### TRY IT
From the entries below, print exactly the span beginning with the line holding "Ski-In Ski-Out Studio" and ending with the line holding "Used 2024 Toyota", endpoints included, and skip any pictures.

### MATERIAL TO PROCESS

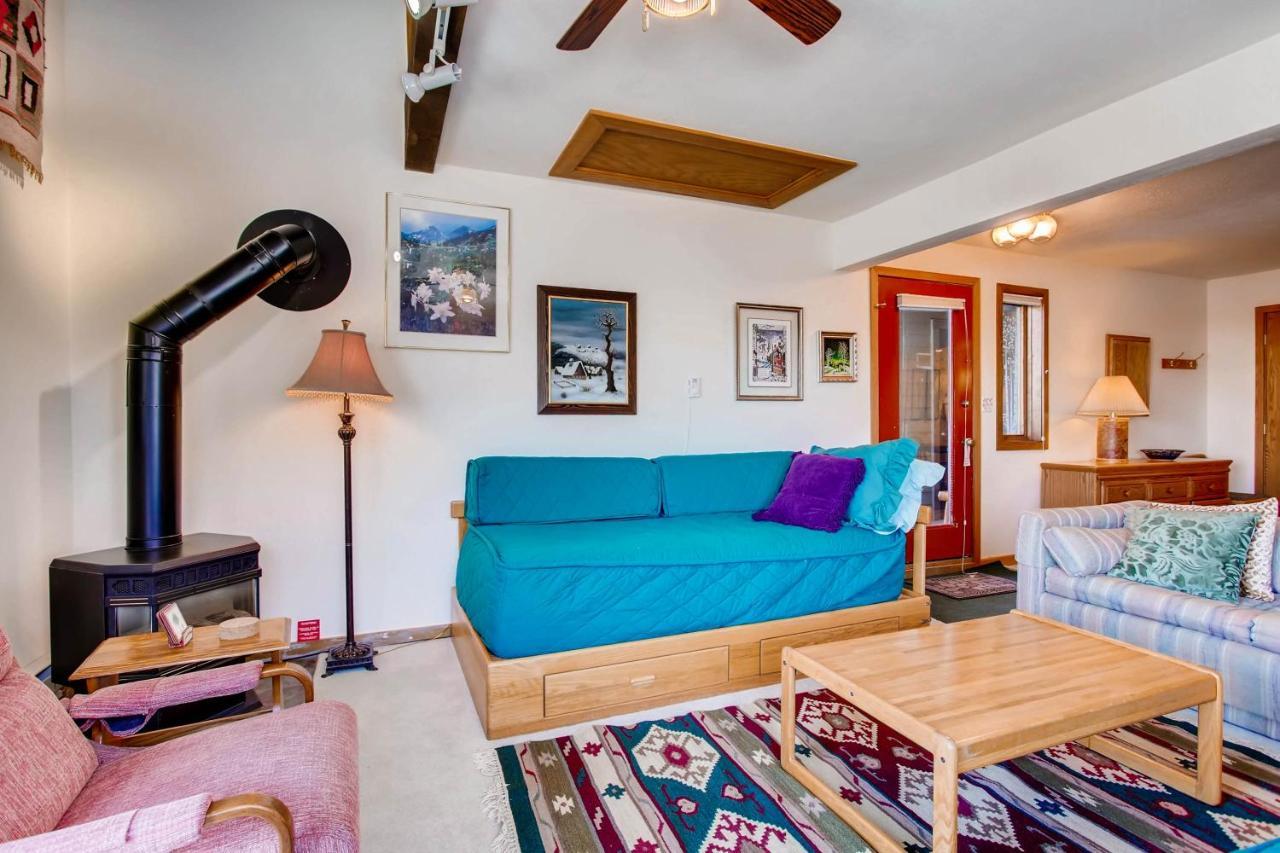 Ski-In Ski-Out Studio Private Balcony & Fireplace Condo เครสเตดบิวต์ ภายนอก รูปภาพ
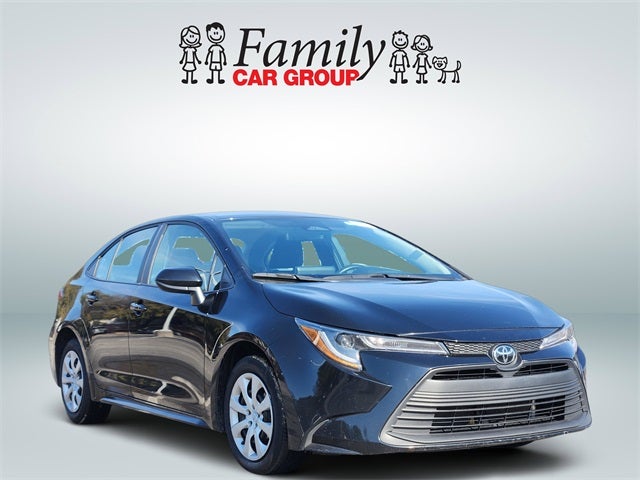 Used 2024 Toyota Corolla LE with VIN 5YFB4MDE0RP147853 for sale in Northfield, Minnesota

---

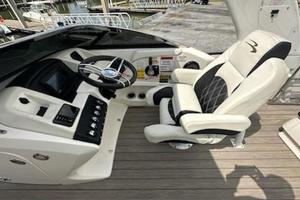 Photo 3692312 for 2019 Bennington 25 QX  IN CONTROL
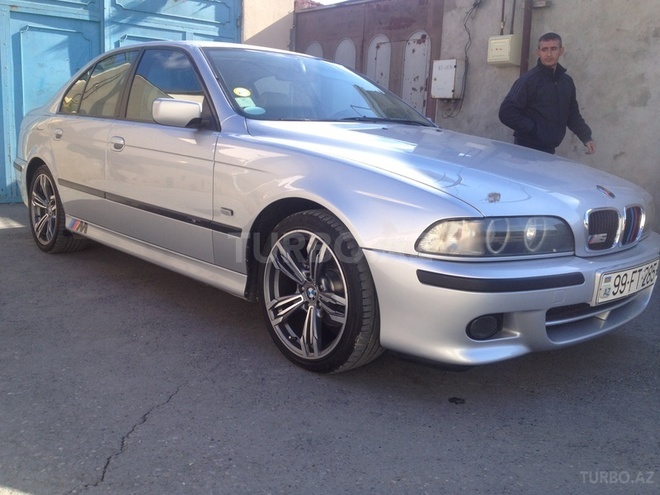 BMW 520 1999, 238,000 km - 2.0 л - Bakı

### SOLUTION FOR THIS EXERCISE
 Ski-In Ski-Out Studio Private Balcony & Fireplace Condo เครสเตดบิวต์ ภายนอก รูปภาพ
 Used 2024 Toyota Corolla LE with VIN 5YFB4MDE0RP147853 for sale in Northfield, Minnesota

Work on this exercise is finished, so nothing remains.